Photos accompanying the IMIBIC team, the HURS, the UCO and the Cyberob, which have been released during the investigation published in The Lancet.
Internal medicine of la Society of Internal Medicine (SEMI)) has been published in the prestigious British scientific magazine The Lancet a scientific article entitled “Long-term secondary prevention of cardiovascular disease with a Mediterranean diet and a low-fat diet (Cordioprev): a randomized controlled trial” which demonstrates first “The Mediterranean diet oversees the recurrence of cardiovascular events frente a uneta diet baja en grasa ”.
The high fat diet (rich in complex carbohydrates) and la mediterránea diet (monoassay grease that is mainly virgin olive oil), has been shown to be effective in preventing primary risk of high blood pressure in patients with cardiovascular disease. No obstetrics, the Mediterranean diet has not been demonstrated, even the publication of this study in The Lancet, beneficial effects on health in patients with enfermedad cardiovascular establecida, compared with other cardiosaludable diets as is the fat diet. Según se recoge The Lancet, the Cordioprev studio can consider el iconico ensayo en los tltimos 23 años que evalúa de forma fehaciente el effect of the mediterranean diet in secondary prevention of the cardiovascular enfermedad.
Scientific collaboration of multiple organisms
The study was conducted and pulsed conjunctively at a scientific level between the Córdoba Biomedical Research Institute (IMIBIC), the Reina Sofia University Hospital (HURS), the University of Córdoba (UCO) and Cyberob. “Subone un hito al crear nueva evidencia científica y demonstrate that the mediterranean diet rica in olive oil is useful to prevent new cardiovascular events in people with stable coronary artery disease “, assured Pablo Pérez Martínez, IMIBIC Scientific Director and internal medicine member of SEMI.

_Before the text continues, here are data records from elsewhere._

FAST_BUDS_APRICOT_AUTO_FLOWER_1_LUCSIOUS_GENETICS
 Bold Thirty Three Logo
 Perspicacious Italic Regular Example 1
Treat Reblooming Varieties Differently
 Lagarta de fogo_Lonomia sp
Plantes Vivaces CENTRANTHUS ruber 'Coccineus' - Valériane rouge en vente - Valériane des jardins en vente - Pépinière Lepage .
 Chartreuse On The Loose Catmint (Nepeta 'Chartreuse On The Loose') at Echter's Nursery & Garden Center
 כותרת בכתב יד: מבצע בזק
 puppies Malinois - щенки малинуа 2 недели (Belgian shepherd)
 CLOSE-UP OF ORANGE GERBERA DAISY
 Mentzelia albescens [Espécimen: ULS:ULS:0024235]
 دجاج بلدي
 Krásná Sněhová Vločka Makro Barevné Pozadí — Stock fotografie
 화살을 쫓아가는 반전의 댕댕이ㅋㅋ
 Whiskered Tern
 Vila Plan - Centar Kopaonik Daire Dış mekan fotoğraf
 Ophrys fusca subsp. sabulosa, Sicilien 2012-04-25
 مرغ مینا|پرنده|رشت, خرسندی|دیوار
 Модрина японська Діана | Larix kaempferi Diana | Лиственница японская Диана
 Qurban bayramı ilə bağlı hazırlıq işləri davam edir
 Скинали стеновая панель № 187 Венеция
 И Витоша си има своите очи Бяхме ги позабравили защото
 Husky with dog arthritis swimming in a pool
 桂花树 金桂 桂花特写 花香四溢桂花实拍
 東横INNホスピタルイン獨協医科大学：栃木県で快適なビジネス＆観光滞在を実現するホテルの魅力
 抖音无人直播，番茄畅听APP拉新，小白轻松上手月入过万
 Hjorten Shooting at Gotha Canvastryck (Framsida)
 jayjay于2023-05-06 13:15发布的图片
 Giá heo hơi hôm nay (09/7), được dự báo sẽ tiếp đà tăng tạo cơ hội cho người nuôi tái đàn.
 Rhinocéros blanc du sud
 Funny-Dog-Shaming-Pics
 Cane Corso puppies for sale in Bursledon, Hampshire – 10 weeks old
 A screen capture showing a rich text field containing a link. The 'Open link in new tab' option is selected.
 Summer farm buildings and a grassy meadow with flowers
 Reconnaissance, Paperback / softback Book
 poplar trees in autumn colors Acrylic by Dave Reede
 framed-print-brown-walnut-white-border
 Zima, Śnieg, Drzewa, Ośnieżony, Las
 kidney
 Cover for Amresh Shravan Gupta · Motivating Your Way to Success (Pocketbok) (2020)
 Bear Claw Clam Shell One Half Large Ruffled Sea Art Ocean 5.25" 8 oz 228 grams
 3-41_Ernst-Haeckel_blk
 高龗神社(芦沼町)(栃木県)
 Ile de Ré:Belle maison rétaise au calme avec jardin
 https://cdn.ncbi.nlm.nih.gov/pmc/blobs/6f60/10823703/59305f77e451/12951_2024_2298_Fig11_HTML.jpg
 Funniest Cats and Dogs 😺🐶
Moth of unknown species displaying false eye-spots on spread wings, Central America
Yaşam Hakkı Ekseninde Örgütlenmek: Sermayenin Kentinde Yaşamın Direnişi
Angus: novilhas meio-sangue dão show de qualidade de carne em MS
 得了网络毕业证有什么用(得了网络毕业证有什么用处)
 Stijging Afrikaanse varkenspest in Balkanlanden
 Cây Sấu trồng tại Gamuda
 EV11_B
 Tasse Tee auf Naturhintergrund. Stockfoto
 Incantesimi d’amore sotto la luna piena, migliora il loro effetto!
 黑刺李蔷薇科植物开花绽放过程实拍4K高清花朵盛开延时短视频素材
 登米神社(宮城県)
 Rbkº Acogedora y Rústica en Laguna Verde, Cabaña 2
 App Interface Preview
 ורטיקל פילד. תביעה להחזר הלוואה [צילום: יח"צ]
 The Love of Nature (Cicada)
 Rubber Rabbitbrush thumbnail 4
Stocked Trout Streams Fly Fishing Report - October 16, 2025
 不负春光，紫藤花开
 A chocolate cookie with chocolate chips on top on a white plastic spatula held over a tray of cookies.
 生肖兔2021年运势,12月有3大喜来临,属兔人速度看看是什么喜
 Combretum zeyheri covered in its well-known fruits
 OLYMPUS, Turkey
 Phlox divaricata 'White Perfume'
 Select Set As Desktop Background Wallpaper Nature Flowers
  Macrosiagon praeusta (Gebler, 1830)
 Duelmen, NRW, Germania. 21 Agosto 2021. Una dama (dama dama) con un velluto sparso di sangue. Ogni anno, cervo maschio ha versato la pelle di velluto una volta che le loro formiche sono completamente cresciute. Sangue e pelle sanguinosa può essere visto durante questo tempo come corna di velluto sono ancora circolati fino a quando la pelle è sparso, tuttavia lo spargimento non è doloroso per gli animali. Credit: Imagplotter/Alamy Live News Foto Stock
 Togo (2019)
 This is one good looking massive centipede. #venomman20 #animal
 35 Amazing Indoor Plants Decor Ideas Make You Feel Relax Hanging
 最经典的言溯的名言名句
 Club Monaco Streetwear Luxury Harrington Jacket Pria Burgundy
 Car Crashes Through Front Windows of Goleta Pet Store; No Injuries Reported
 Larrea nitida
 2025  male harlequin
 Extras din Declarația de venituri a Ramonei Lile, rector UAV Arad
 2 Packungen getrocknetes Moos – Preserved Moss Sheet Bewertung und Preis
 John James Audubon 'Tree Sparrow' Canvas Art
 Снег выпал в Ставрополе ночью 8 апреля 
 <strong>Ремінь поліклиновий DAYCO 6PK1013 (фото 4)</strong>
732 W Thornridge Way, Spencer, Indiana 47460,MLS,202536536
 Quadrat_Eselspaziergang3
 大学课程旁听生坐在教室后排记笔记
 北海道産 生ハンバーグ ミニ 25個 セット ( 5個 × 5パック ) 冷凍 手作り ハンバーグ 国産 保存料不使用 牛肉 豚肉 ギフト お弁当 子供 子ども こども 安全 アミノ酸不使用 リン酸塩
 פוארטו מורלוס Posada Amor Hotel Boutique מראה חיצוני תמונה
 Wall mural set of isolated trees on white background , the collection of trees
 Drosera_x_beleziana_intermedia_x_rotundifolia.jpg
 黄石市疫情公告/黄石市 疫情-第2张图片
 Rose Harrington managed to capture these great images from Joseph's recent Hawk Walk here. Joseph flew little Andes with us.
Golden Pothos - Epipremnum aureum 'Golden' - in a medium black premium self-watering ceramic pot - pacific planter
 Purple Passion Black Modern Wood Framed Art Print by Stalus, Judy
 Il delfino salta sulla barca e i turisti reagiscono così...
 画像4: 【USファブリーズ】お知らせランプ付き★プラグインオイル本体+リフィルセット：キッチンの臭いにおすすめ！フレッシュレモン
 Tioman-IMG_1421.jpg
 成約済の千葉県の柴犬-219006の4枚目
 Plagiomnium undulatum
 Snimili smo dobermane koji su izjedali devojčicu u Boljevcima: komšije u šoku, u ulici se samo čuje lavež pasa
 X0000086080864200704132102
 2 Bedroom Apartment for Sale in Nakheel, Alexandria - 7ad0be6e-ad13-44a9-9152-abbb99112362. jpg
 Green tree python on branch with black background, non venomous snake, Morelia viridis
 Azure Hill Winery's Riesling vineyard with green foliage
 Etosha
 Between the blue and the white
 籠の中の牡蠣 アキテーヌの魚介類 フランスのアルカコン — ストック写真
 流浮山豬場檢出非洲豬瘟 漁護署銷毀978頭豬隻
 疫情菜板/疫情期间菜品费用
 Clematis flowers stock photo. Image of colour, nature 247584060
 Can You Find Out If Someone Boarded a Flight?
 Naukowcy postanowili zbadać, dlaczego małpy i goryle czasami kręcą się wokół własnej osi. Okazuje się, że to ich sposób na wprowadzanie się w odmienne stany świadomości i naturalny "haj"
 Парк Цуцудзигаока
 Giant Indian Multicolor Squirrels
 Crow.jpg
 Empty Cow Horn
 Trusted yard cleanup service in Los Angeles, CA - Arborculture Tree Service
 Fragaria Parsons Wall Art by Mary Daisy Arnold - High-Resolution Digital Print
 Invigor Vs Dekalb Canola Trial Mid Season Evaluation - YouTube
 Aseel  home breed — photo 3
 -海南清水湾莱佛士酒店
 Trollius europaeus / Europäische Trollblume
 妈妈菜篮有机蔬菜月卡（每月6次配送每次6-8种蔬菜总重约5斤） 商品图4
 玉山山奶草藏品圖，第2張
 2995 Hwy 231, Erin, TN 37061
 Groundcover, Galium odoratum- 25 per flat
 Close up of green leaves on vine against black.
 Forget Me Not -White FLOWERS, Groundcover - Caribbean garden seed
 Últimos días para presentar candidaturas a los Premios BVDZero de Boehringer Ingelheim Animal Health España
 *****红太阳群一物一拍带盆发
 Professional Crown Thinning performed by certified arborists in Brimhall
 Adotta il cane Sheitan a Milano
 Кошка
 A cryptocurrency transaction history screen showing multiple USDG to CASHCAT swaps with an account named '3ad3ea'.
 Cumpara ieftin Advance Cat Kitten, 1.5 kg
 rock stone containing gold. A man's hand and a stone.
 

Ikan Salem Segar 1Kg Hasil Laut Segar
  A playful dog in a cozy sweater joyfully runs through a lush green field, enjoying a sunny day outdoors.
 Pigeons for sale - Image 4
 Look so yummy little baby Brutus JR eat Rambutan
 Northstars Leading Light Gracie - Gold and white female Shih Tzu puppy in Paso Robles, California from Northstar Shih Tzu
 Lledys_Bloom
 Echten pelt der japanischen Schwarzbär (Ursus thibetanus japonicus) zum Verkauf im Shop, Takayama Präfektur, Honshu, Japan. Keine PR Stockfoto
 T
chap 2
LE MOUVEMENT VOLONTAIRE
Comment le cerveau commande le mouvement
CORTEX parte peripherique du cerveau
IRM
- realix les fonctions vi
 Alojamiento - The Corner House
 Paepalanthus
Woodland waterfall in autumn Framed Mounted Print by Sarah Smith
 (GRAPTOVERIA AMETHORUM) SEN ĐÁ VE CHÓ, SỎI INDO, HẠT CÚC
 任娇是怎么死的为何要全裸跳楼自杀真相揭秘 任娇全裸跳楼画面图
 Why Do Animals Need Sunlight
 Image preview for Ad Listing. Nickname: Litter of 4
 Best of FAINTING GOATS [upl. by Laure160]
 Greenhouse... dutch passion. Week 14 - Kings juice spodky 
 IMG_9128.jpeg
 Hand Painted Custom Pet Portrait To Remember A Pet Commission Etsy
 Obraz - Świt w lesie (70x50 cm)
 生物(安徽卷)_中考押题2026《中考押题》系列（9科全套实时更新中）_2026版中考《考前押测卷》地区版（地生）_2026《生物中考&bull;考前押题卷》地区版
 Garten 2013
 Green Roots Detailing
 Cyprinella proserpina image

To demonstrate, ‘Cordioprev’ has been released, a clinically allied clinic implemented in HURS. En el mismo, participaron 1,002 patients with stable coronary incontinence between 20 and 76 years, which recuperates dietary intervention with the Mediterranean diet or the fat diet followed by high fat diets. A total of 500 (49.9 per cent) of the 1,002 patients were assigned to the high-fat diet group and 502 (50.1 per cent) to the Mediterranean diet.
As the main objectives of the investigation, it stabilizes: Valorr the apparatus of new cardiovascular events mayores (or eventual event), inclusive myocardial infarctionrevascularization (bypass, catheterisms, stents), ischemic cerebrovascular accident (ictus), peripheral arterial infarction and cardiovascular origin (muerte súbita)”. Evaluate the app of these events with the types of diet followed by the patients, recounted between October 2009 and February 2012.
E What are the effects of the Mediterranean diet on coronary heart disease?
The participants in the investigation are only one media age of 59.5 years, y, as is habitual respect the incidence of coronary enuresis, eran majoritarian varones (a 82.5 per cent). The main event of the studio produced 198 participants, 87 in the branch Mediterranean diet (17.3 per cent) and 111 in the high fat diet (22.2 per cent), which is one frequency switching between 25 and 30 per cent, approximately, to those participants who ensure the Mediterranean diet.
These effects are most evident in los varones, donde the difference between diets fue casi de un 35 in favor of the Mediterranean diet. Cabe reports that the incidence found in the study frames is inferior to the living in this patient type (25 per cent to 5 years), which indicates that, due to inconsistencies, diets ejercieron efectos cardiosaludables.
“These results are useful in order to change the clinical guidelines for dietary and patient follow-up recommendations with coronary artery disease.”
An “enormous” relevance to the clinical practice of diarrhea
López Miranda, Head of Internal Medicine Service at Reina Sofia University Hospital and Chief Investigator of the Project said that “the Cordioprev studio demonstrates to patients with stable coronary artery disease that the mediterranean diet has a superior effect to the fat diet in preventing the occurrence of recurrent cardiovascular events such as myocardial infarction, revascularization, ischemic cerebrovascular accident, peripheral arterial infarction and death of cardiovascular origin avoiding the apparatus of one of four major cardiovascular events ”.
Estos hallazgos, señala Delgado Lista, primer firmante article and professor titul de la Universidad de Córdoba “son of enormous relevance to the clinical practice of diarrhea, using the Mediterranean diet to prevent recurrence of cardiovascular disease and demonstrating the use of the recommended diet is a type of diet for people who tend to have a cardiovascular event. ” This mode, in the article artifact, indicates what its results are utilidad para poder “change the clinical guidelines on dietary recommendations and patient follow-up with coronary encephalitis ”.
The cardiovascular enzyme is one of them first causes of death and good sanitation in Spain as well as in Europe. The screw style is a key factor to modify to prevent the incidence and recurrence of cardiovascular events, joints and other procedures, as well as revascularization techniques.